Task objective: Your task is to restate word for word the lines of the listing below that start at the one containing "Wolf Knight Design" and run to the end; please add nothing.
______
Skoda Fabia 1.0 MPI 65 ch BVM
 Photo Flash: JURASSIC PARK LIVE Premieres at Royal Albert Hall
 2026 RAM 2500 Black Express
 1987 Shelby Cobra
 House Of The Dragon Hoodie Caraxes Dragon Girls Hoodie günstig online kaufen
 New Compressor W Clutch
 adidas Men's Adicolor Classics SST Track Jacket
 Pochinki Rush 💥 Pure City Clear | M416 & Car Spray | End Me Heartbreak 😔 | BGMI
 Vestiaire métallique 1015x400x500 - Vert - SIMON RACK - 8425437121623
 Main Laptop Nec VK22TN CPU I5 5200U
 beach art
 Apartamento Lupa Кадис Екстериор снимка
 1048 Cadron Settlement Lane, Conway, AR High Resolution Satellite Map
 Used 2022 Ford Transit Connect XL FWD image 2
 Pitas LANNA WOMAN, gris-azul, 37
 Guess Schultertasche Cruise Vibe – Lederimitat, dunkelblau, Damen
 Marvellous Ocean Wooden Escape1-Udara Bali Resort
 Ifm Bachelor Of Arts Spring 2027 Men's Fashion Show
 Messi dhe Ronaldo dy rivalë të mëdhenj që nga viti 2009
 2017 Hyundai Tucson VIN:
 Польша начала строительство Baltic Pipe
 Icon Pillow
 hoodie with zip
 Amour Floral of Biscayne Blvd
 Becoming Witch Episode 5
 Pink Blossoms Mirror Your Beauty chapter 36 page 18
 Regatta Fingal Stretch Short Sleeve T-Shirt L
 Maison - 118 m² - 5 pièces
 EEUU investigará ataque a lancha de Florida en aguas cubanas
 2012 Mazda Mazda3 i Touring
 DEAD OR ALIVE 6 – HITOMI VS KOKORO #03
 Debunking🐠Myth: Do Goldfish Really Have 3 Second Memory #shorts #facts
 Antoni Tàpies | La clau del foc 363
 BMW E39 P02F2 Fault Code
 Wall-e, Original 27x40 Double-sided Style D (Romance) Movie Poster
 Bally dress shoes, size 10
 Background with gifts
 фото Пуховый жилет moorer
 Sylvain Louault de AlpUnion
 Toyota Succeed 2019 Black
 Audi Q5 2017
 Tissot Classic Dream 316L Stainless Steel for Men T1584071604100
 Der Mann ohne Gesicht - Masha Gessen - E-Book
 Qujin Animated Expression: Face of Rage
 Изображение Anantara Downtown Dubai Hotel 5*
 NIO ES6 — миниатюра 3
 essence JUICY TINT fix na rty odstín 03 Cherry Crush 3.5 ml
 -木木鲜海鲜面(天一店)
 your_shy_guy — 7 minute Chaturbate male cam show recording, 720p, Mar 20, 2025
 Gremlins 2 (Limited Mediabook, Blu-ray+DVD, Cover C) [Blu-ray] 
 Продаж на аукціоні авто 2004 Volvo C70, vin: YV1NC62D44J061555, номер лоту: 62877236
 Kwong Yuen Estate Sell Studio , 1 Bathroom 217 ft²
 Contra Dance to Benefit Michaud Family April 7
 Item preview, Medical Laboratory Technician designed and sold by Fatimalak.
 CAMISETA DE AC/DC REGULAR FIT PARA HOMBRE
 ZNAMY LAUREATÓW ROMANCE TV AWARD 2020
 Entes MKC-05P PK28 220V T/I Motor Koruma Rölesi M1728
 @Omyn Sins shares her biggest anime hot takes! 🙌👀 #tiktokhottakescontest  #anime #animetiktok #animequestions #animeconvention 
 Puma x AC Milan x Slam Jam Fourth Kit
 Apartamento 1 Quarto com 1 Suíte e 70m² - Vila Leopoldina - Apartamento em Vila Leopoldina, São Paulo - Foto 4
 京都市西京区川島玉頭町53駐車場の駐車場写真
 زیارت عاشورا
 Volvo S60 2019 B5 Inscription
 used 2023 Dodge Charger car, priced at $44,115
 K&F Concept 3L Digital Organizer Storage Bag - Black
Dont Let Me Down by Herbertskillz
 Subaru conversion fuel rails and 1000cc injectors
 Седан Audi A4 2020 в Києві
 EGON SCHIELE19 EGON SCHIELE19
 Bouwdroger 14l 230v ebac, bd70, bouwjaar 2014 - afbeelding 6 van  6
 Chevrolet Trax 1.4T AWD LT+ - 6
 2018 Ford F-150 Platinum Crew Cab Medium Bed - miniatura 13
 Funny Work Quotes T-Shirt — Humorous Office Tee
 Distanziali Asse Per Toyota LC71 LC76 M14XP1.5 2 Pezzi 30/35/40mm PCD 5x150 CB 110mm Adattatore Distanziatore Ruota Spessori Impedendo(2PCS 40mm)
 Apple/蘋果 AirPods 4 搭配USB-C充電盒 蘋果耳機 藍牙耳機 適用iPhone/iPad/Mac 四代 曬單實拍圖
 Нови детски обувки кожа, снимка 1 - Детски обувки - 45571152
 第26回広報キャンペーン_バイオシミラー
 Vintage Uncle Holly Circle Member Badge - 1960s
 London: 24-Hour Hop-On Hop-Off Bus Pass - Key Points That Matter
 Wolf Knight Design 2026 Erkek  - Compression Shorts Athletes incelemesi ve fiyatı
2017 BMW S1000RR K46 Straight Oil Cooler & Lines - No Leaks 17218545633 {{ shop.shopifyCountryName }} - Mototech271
______
Written answer:
 Wolf Knight Design 2026 Erkek  - Compression Shorts Athletes incelemesi ve fiyatı
2017 BMW S1000RR K46 Straight Oil Cooler & Lines - No Leaks 17218545633 {{ shop.shopifyCountryName }} - Mototech271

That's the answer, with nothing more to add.